Dear Amy: My partner and I are friends with a neighborhood couple who have a wonderful and loving family. We see them socially on occasion and sincerely enjoy their company.
This year, they asked us to support their youth organization’s annual fundraising efforts by purchasing a snack gift pack. Being good neighbors, we purchased an item. Immediately after the purchase, buyer’s remorse set in.
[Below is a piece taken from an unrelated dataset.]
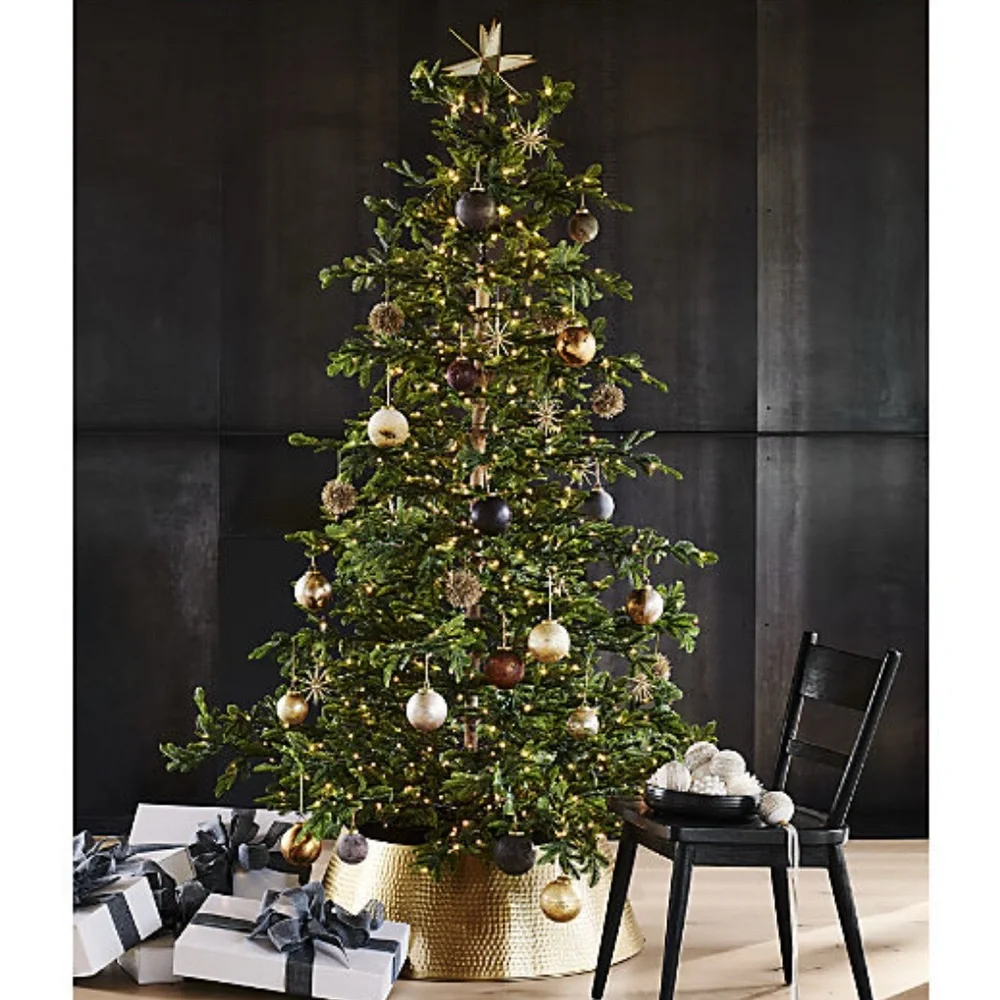 New! Crate&Barrel Metallic Gold Glass Ornament Collection, set of 6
Their national organization does not allow gay leaders.
I feel the parents are close enough that we can broach the subject, and yet I also feel they should have been more sensitive before approaching us. — Neighborly
Dear Neighborly: Just as your neighbors weren’t making a particular statement in asking you to buy a snack pack, you can also refuse to purchase a snack pack without making a declaration — unless you want to.
If you’re asked or wish to supply an explanation, you should say that because the organization has an exclusionary leadership policy, you can’t in good conscience support its fundraising efforts.
It is not these parents’ job to determine or decode your sensitivities and avoid you — or to urge the boys to exclude you (then they’d be doing the same thing their organization’s leadership does).
They are treating you to the same opportunity all of the neighbors are being given, and like the other neighbors; you can take or leave the treats, with or without an explanation.
Dear Amy: My family knows that my husband has been very sick. They have heard this from doctors and from me. If we want my husband around in the future, he must not drink alcohol and must eat well.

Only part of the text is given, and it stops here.